Don’t change this chunk — it loads and cleans the data:
url <- "https://raw.githubusercontent.com/jbrownlee/Datasets/master/pima-indians-diabetes.data.csv"
data <- read.csv(url, header = FALSE)
colnames(data) <- c("Pregnancies", "Glucose", "BloodPressure", "SkinThickness",
"Insulin", "BMI", "DiabetesPedigreeFunction", "Age", "Outcome")
data$Outcome <- as.factor(data$Outcome)
# Replace impossible 0 values with NA
data$Glucose[data$Glucose == 0] <- NA
data$BloodPressure[data$BloodPressure == 0] <- NA
data$BMI[data$BMI == 0] <- NA
colSums(is.na(data))
## Pregnancies Glucose BloodPressure
## 0 5 35
## SkinThickness Insulin BMI
## 0 0 11
## DiabetesPedigreeFunction Age Outcome
## 0 0 0
Fit a logistic regression predicting Outcome from
Glucose, BMI, and Age.
# Hint: glm(Outcome ~ Glucose + BMI + Age, data = data, family = "binomial")
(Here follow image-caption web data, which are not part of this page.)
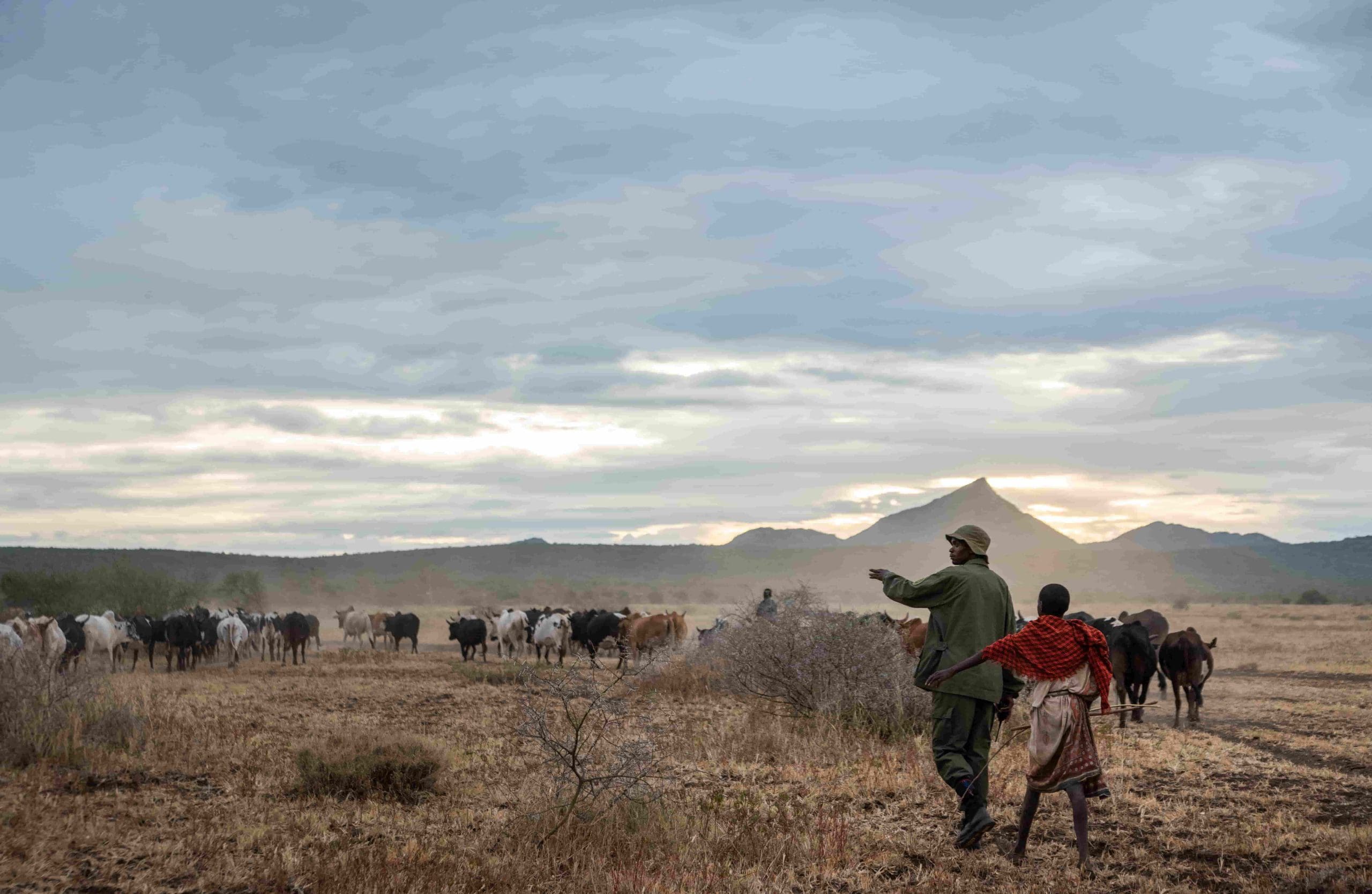 Maasai people in Tanzania protecting their forests and land with the help of carbon markets.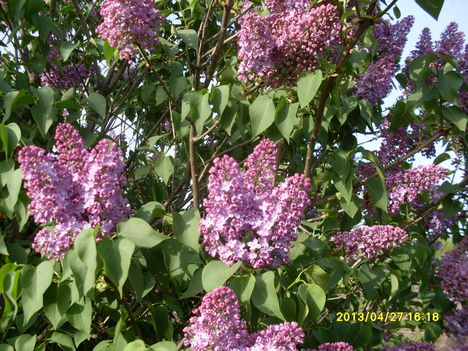 saját 135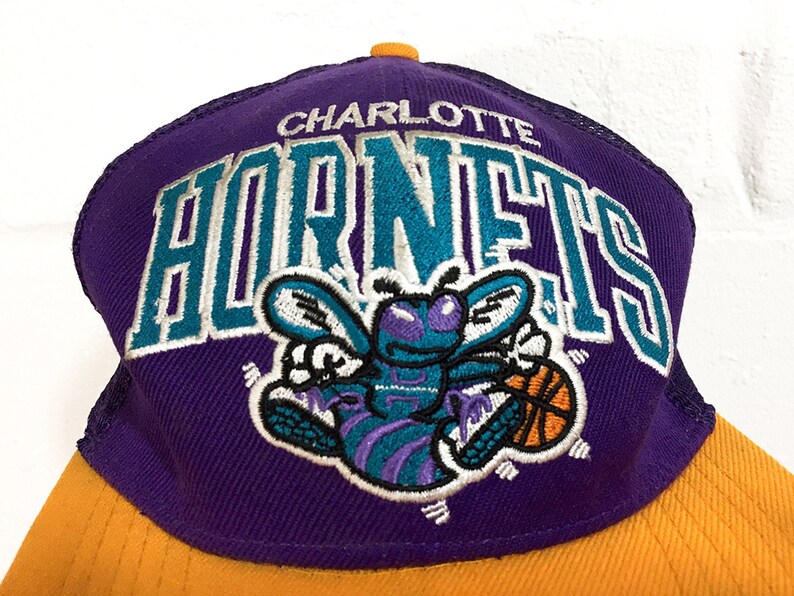 charlotte hornets dad hat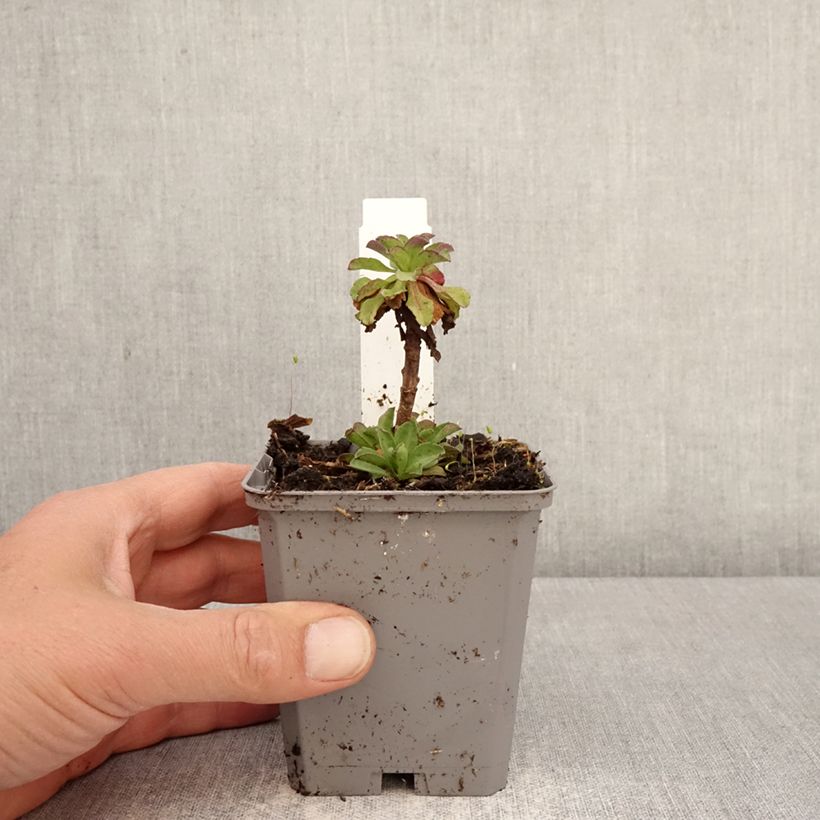 Erigeron glaucus Sea Breeze Vasetto da 8/9 cm esemplare consegnato in primavera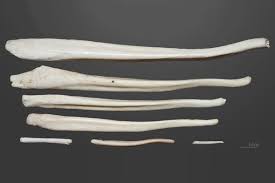 Cats have anatomy similar to the other members of the also, the position of their ears and tail are used for communication, as well as their usual functions. Why Humans Have No Penis Bone Scientific American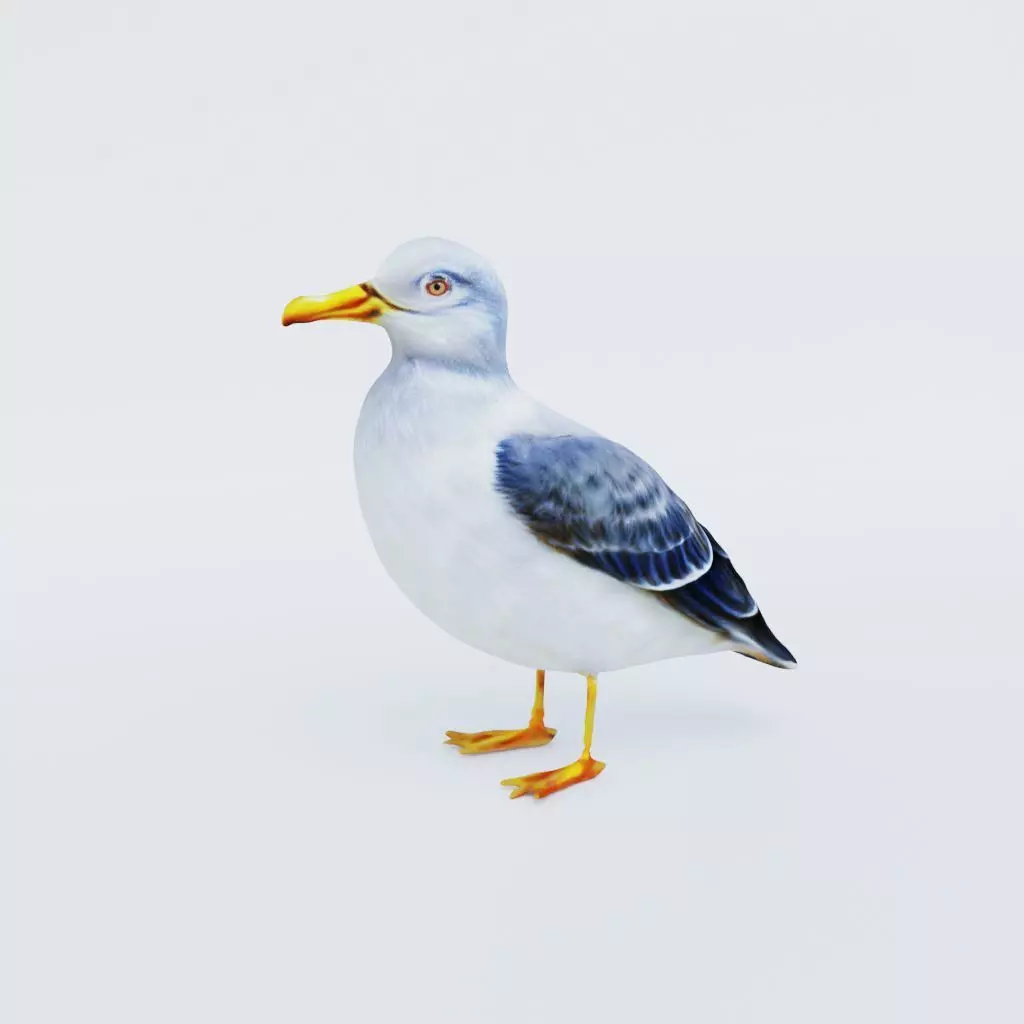 Seagull Free 3D model_0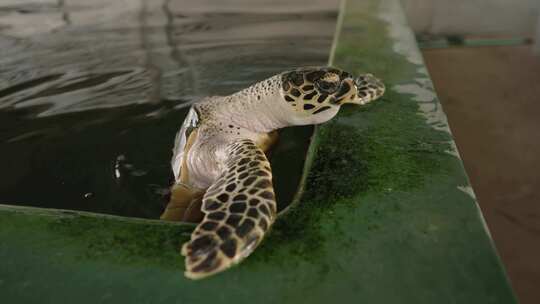 海龟，爬行动物，海洋生物，水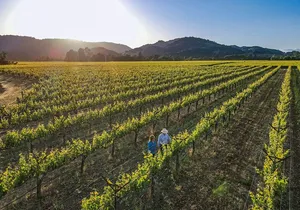 Serene and Romantic Wine Tasting Next to the Vines in Napa Valley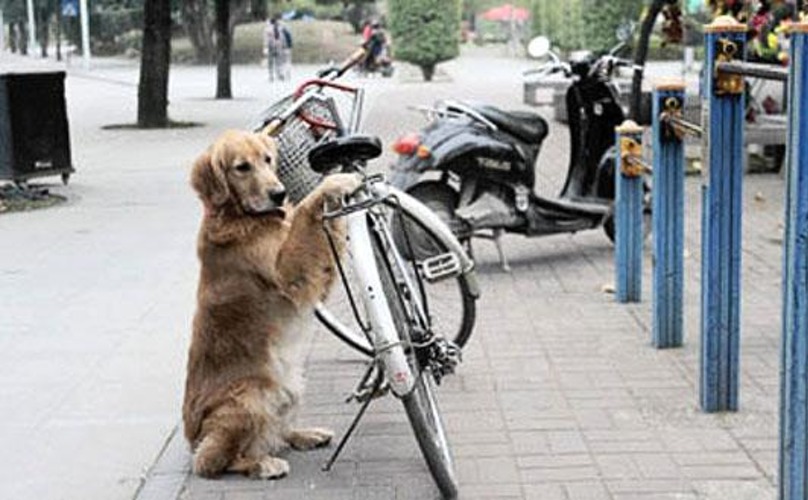 amazing-video-dog-guards-owners-bicycle-with-L-0yCtW5.jpeg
model <- glm(Outcome ~ Glucose + BMI + Age, data = data, family = "binomial")
summary(model)
##
## Call:
## glm(formula = Outcome ~ Glucose + BMI + Age, family = "binomial",
## data = data)
##
## Coefficients:
## Estimate Std. Error z value Pr(>|z|)
## (Intercept) -9.032377 0.711037 -12.703 < 2e-16 ***
## Glucose 0.035548 0.003481 10.212 < 2e-16 ***
## BMI 0.089753 0.014377 6.243 4.3e-10 ***
## Age 0.028699 0.007809 3.675 0.000238 ***
## ---
## Signif. codes: 0 '***' 0.001 '**' 0.01 '*' 0.05 '.' 0.1 ' ' 1
##
## (Dispersion parameter for binomial family taken to be 1)
##
## Null deviance: 974.75 on 751 degrees of freedom
## Residual deviance: 724.96 on 748 degrees of freedom
## (16 observations deleted due to missingness)
## AIC: 732.96
##
## Number of Fisher Scoring iterations: 4
Get the summary of the model. For each predictor, does an increase RAISE or LOWER the odds of diabetes? Which predictors are significant (p < 0.05)? An increase of Glucose (p < .05) strongly increase the likelihood of diabetes. A higher BMI (p < .05) also will likely result in a higher risk of diabetes. Older age (p < .05) is linked to higher odds of diabetes. As shown above, all three predictor’s p values are less than .05, indicating that they contribute to the predicting diabetes model. —
Use threshold 0.5 to convert predicted probabilities into 0/1 predictions, then build a confusion matrix.
# Hint:
# data$pred_prob <- predict(model, data, type = "response")
# data$pred_class <- ifelse(data$pred_prob > 0.5, 1, 0)
# table(Actual = data$Outcome, Predicted = data$pred_class)
clean_data <- na.omit(data)
model <- glm(Outcome ~ Glucose + BMI + Age,
data = clean_data,
family = "binomial")
clean_data$pred_prob <- predict(model, type = "response")
clean_data$pred_class <- ifelse(clean_data$pred_prob > .5, 1, 0)
cm <- table(Actual = clean_data$Outcome,
Predicted = clean_data$pred_class)
cm
## Predicted
## Actual 0 1
## 0 419 56
## 1 108 141
Report the confusion matrix counts: TP, TN, FP, FN. TP = 141 TN = 419 FP = 56 FN = 108 —
From your confusion matrix, calculate accuracy, precision, and recall.
# Your code:
TP <- 141
TN <- 419
FP <- 56
FN <- 108
accuracy <- (TP + TN) / (TP + TN + FP + FN)
precision <- TP / (TP + FP)
recall <- TP / (TP + FN)
accuracy
## [1] 0.7734807
precision
## [1] 0.715736
recall
## [1] 0.5662651
Report all three values. In a medical screening context, which is more important — precision or recall? Why? Accuracy of the model is 0.773. This means that the model is accurate 77% of the time. Precision of the model is 0.716, which implies that when it predicts diabetes, then 72% of the time it is accurate. Recall of the model is 0.566, which implies that it is able to identify about 57% of people having diabetes. Recall becomes more significant in medical screening as it becomes preferable to detect as many sick patients as possible, even at the cost of wrongly identifying healthy individuals.
Plot the ROC curve and compute the AUC.
# install.packages("pROC") if needed
library(pROC)
## Type 'citation("pROC")' for a citation.
##
## Attaching package: 'pROC'
## The following objects are masked from 'package:stats':
##
## cov, smooth, var
# Your code:
Report the AUC. Is your model closer to random guessing (AUC = 0.5) or perfect (AUC = 1)? Describe its overall performance in one sentence.